**EXERCISE:** What's wanted is a faithful retyping of every entry, pictures excluded.

Web page caption snippets:
============

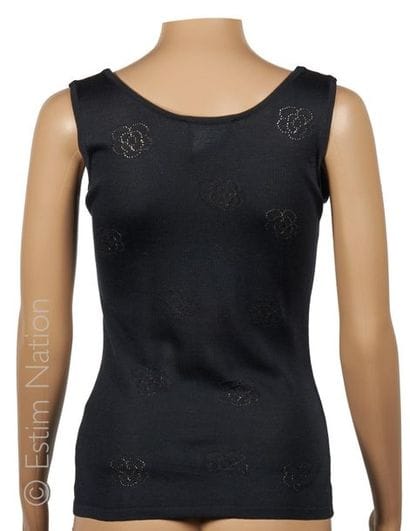 CHANEL boutique
TOP en maille de soie noire...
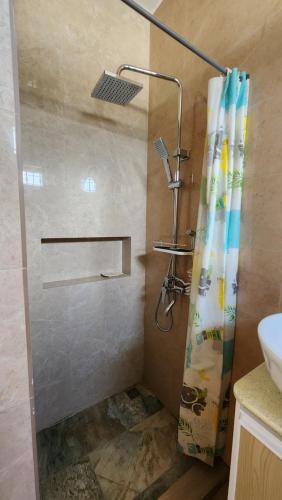 Et badeværelse på Paradise Coastline Lodge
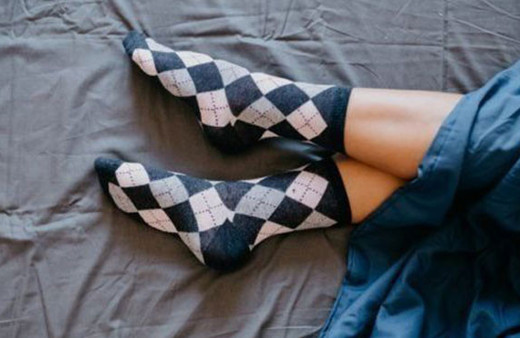 Çorapla uyunur mu demeyin işte çorapla uyumanın hiç bilmediğiniz faydaları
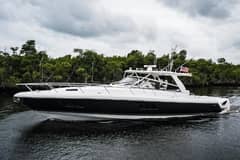 2019 Intrepid 475 Sport Yacht "LUMA IV" photo 5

============

**ANSWER TO THE PROBLEM:**
 CHANEL boutique
TOP en maille de soie noire...
 Et badeværelse på Paradise Coastline Lodge
 Çorapla uyunur mu demeyin işte çorapla uyumanın hiç bilmediğiniz faydaları
 2019 Intrepid 475 Sport Yacht "LUMA IV" photo 5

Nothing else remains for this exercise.